Ray Dalio's Bridgewater hedge fund has taken positions against several large European companies, including Airbus, Siemens and Unilever © FT montage; Bloomberg; Reuters; Getty Images

A $22bn bet against European stocks by Bridgewater, the world’s largest hedge fund, has seen it build large short positions in companies that generate the majority of their business outside the continent.

Bridgewater’s recently disclosed bets include short positions against multinational companies such as drugmaker Sanofi, which generates more revenues in the US than in Europe, and Airbus, which makes less than a third of its sales in Europe.

The hedge fund, which manages $160bn of assets, does not specialise in bottom-up fundamental analysis of companies, but instead concentrates on macroeconomic analysis and forecasting. Ray Dalio, the hedge fund’s founder, last year warned of rising populism in Europe being a threat to the integrity of the EU.

At least nine of the largest short positions that Bridgewater has taken against European stocks, including Siemens, Unilever and Airbus, generate more than half their revenue outside Europe, according to the companies’ annual reports.

A spokesman for Bridgewater did not return a call for comment about its short positions in Europe.

Over recent months Bridgewater has been disclosing growing short positions against some of Europe’s largest companies which have now risen to a total of $22bn.
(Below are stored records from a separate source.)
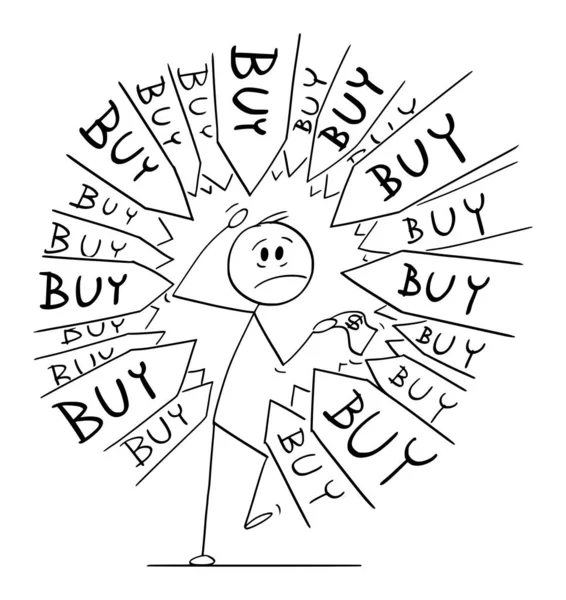 Cliente o cliente sotto pressione per comprare qualcosa, illustrazione della figura del bastone del fumetto del vettore — Vettoriale Stock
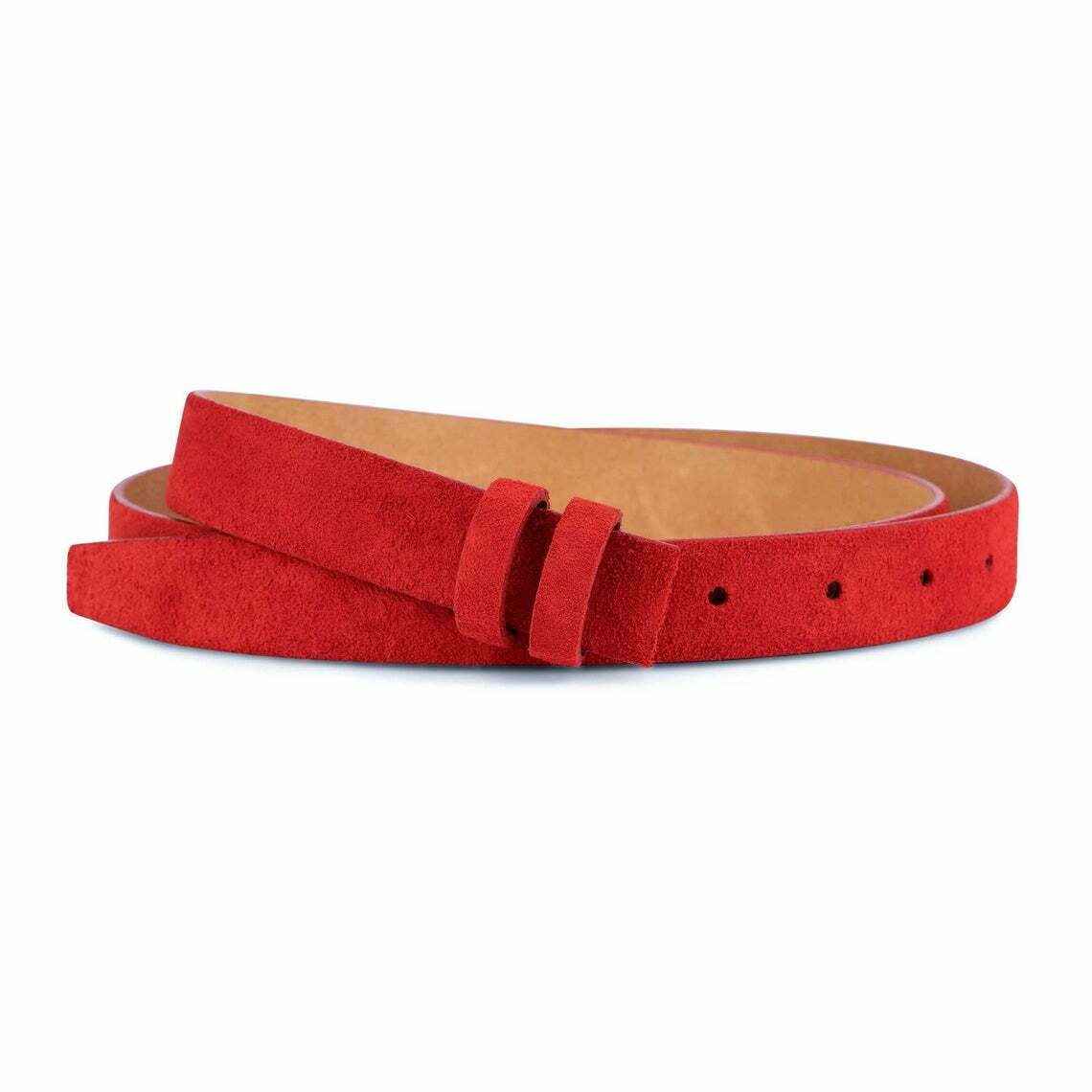 Red Suede Belt Strap 1 Inch For Ferragamo Buckles 25 Mm Genuine Leather Women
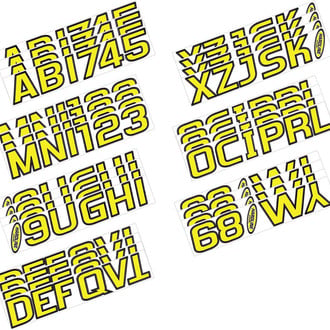 Hardline Products® - Series 700 Yellow/Black Registration Installation Decal Kit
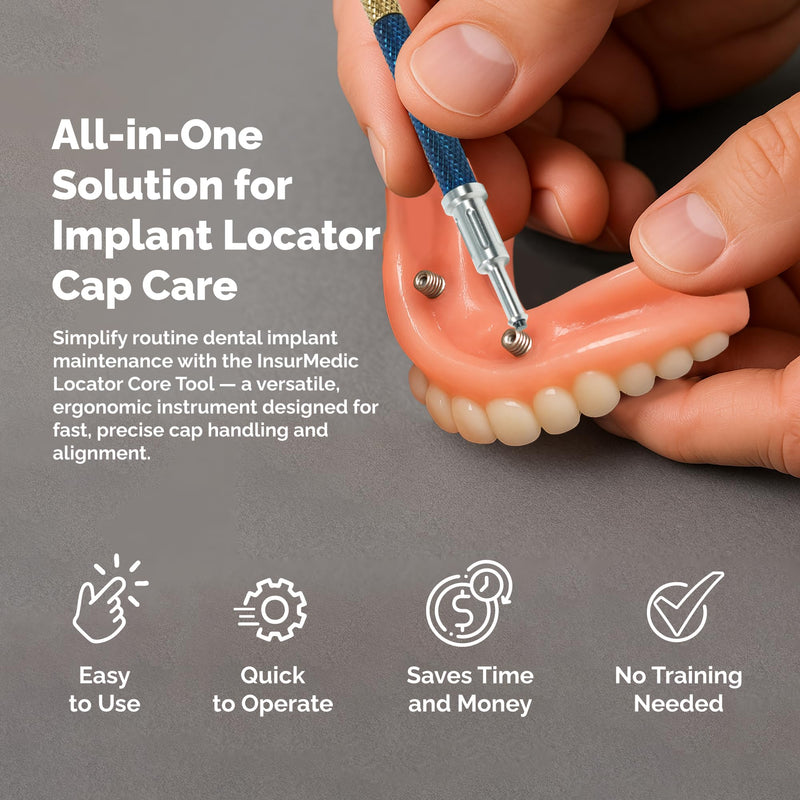 Locator Core Tool - 3 in 1 Universal Dental Implant Instrument for Male Cap Insertion Removal and Seating - 303 Stainless Steel Tool for Retention Caps & Implants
Many of the hedge fund’s disclosed short bets in Europe closely mirror the composition of the Euro Stoxx 50 index, suggesting that the stocks may not have been selected for reasons specific to their individual businesses and earnings.

Since the start of this year, Bridgewater offered seemingly contradictory commentary about the direction of the market. Speaking in Davos in January Mr Dalio said “Inflation isn’t a problem. Growth is good, everything is pretty good,” warning how “If you’re holding cash, you’re going to feel pretty stupid”.

Several weeks later the S&P 500 fell by 10 per cent and market volatility spiked. After this Bob Prince, co-chief investment officer at Bridgewater, said that “we don’t think this shakeout will be over in a matter of days”. Since then volatility has subsided and US equity markets have recovered a significant proportion of their losses.

Other companies being shorted by Bridgewater include Adidas, which makes just €5.7bn in western Europe out of total net sales of €19.3bn, and Moncler, the Italian-listed luxury puffa jacket company, which generates more revenues in Asia than any other region.